Task to complete.
Nothing but the records, transcribed verbatim and stripped of images, should appear in the answer.

________________________

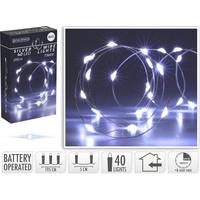 Fényfüzér 40db LED - műanyag (195cm)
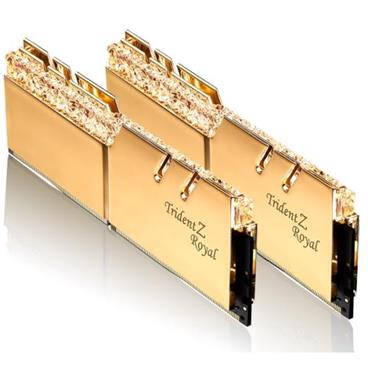 G.SKILL 16GB=2x8GB Trident Z Royal Gold DDR4 3600MHz CL17 1.35V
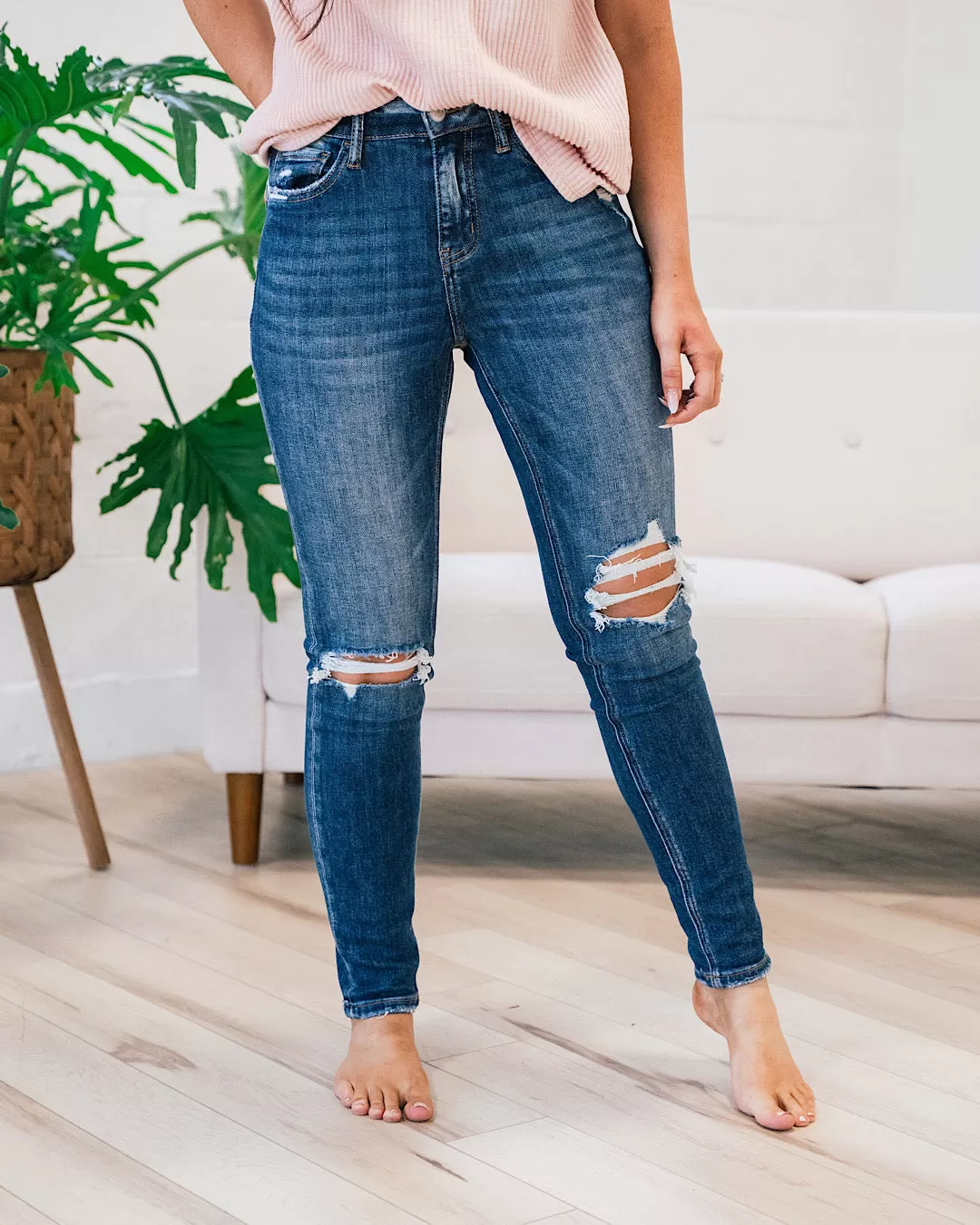 Lovervet Feels Like a Dream Distressed Skinny Jeans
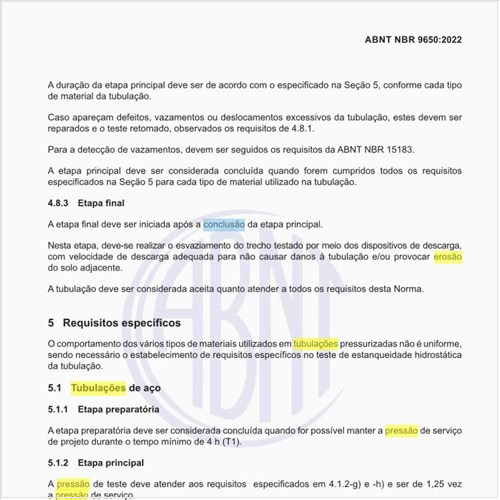 Quais são as máximas quedas de pressão admissíveis para tubulações de aço?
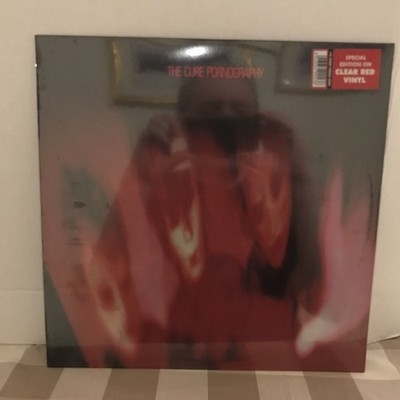   The Cure   Pornography   Red Vinyl LP   New Sealed   Mint   2008 Reissue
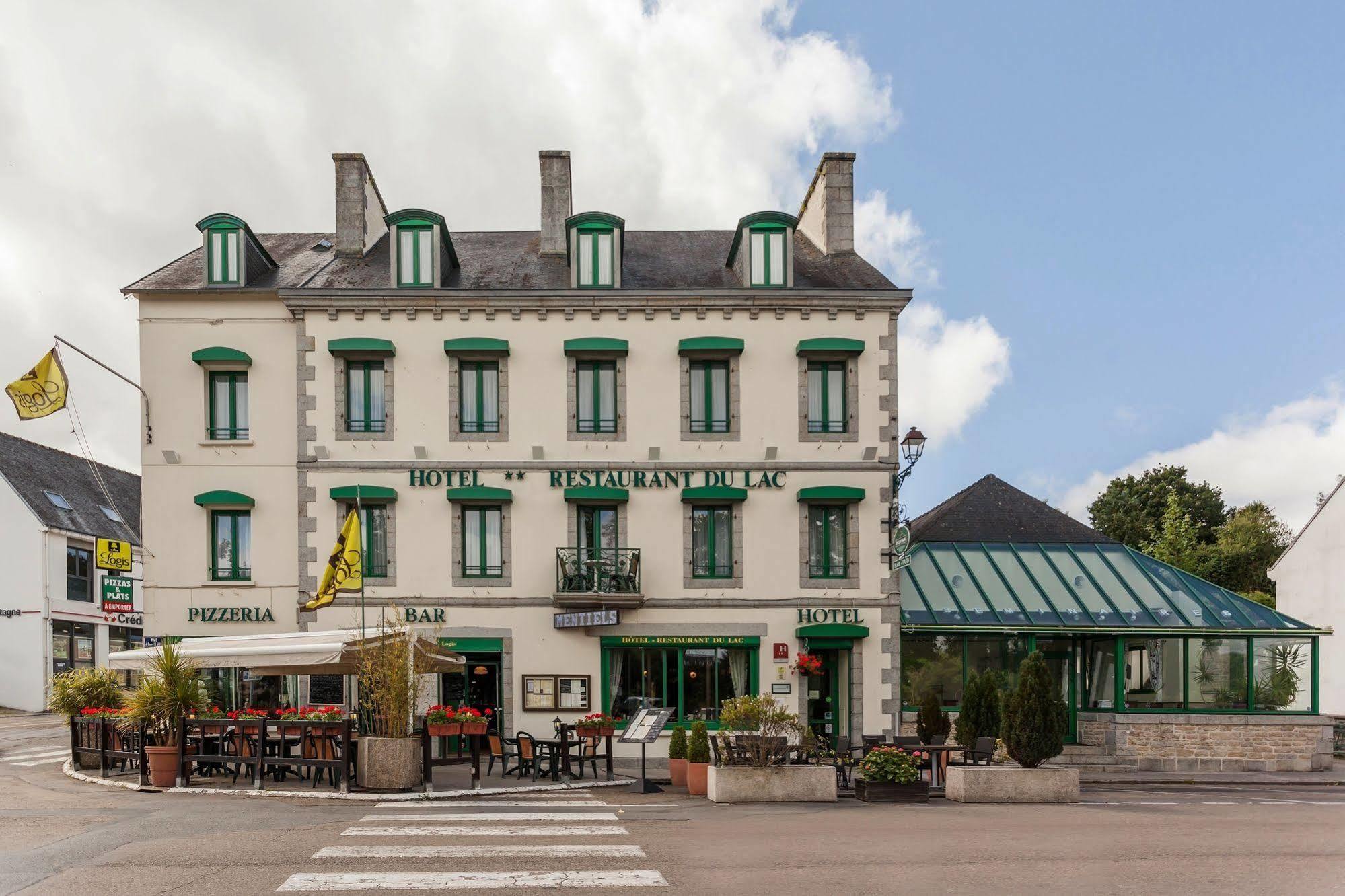 Hotel Du Lac Huelgoat Bagian luar foto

________________________

Solution.
 Fényfüzér 40db LED - műanyag (195cm)
 G.SKILL 16GB=2x8GB Trident Z Royal Gold DDR4 3600MHz CL17 1.35V
 Lovervet Feels Like a Dream Distressed Skinny Jeans
 Quais são as máximas quedas de pressão admissíveis para tubulações de aço?
   The Cure   Pornography   Red Vinyl LP   New Sealed   Mint   2008 Reissue
 Hotel Du Lac Huelgoat Bagian luar foto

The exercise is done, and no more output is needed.